There’s occasional debate among effective altruists, and among people more generally, about whether working in the financial sector does harm, and if so how much.
It’s easy to come to the conclusion that finance isn’t helpful at all, because things look zero-sum: if I sell you a share of Google, the total amount of wealth stays the same no matter what price I sold it to you at. By this logic, if I make money trading Google shares, I’m just taking it from other people who were less clever than me about trading their Google shares.
This neglects an important consideration, though, which is that different people can place different values on the same asset. As a trivial example, just after the Google IPO, Larry Page might have valued his last share of Google much less than its price in cash, because he held so many Google shares that he was highly exposed to the risk of their price falling. If Page was risk-averse, he might have strongly preferred to have cash instead of Google shares, even if their “market value” was the same.
People seem to be willing to buy this argument for physical goods like clothes; few people argue that garment-selling is zero-sum because the value of the seller’s and buyer’s assets are unchanged after the transaction. But the argument persists for financial transactions.

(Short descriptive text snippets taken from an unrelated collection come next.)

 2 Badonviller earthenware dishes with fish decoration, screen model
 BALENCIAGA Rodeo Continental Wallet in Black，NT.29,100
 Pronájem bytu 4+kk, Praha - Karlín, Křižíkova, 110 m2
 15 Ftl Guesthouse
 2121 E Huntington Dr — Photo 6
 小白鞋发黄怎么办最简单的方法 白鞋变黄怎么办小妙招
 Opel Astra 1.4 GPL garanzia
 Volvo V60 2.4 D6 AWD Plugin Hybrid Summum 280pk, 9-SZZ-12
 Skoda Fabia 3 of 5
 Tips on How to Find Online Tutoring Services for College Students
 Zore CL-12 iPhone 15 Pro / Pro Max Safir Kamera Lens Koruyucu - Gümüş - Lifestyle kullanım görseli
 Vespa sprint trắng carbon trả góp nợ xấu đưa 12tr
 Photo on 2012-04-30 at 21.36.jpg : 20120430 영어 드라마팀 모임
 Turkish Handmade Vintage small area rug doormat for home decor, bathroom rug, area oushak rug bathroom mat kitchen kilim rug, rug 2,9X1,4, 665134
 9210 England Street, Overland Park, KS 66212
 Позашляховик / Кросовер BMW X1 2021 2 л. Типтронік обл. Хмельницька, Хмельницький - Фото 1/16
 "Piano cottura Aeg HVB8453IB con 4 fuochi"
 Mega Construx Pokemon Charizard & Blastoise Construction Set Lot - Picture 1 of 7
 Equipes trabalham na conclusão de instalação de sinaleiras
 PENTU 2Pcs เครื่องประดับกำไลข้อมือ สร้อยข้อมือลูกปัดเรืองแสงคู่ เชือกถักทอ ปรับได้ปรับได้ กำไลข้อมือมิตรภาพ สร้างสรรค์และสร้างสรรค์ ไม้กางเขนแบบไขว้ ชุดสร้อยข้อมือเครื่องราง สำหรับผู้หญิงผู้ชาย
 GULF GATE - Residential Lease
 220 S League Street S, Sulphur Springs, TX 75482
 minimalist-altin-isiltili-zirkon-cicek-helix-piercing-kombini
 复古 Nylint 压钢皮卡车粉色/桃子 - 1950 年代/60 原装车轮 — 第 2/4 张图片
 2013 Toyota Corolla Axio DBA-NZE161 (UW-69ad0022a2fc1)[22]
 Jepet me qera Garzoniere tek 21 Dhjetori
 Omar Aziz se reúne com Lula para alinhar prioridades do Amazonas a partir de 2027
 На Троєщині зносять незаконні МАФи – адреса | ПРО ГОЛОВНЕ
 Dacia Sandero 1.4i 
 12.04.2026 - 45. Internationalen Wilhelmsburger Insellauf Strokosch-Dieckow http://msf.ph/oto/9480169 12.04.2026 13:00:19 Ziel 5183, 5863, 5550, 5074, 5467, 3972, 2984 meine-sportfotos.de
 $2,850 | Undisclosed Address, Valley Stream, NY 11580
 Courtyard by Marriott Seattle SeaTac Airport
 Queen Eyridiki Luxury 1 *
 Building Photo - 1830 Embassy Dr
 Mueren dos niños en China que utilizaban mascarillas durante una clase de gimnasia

This may be because people underestimate the importance of liquidity—that is, ability to get your money when you want it. As Arnold Kling points out, the point of a banking financial is to turn illiquid, risky assets backed by payments from its borrowers (e.g., mortgages) into liquid, non-risky assets that its investors want (e.g., bank deposits). The financial system in the US is sufficiently well-developed that we practically take it for granted that we have as much liquidity as we need. But Poor Economics provides some excellent examples of how badly people need a banking system when it’s not there:
Fruit vendors in Chennai apparently borrow at a rate of almost 5% per day from their wholesaler. (Actually, thinking about it, this is so unbelievable that I suspect it’s secretly another cost that gets called “interest” because of some kind of pricing game.)
Rural moneylenders in Pakistan charge an average of 78 percent although default rates are only 2 percent (though many more are repaid late). The spread appears to go mostly to overhead and debt enforcement costs. Obviously this makes all but the most extremely productive investments impossible.
The overhead for bank savings accounts is so immense that banks need to charge withdrawal fees to make up for it, making the cost prohibitive for many of the poor. Instead, they resort to things like “rotating savings and credit associations”, where a group of people get together regularly, everyone contributes something to a common pot, and then one person (on a rotating basis) takes the whole pot.
Obviously, this is not a justification of banking activity on the margin: the US is quite far away from any of the situations discussed above. But it suggests that simply shuffling around risk and maturity can have much more value than one might intuitively think.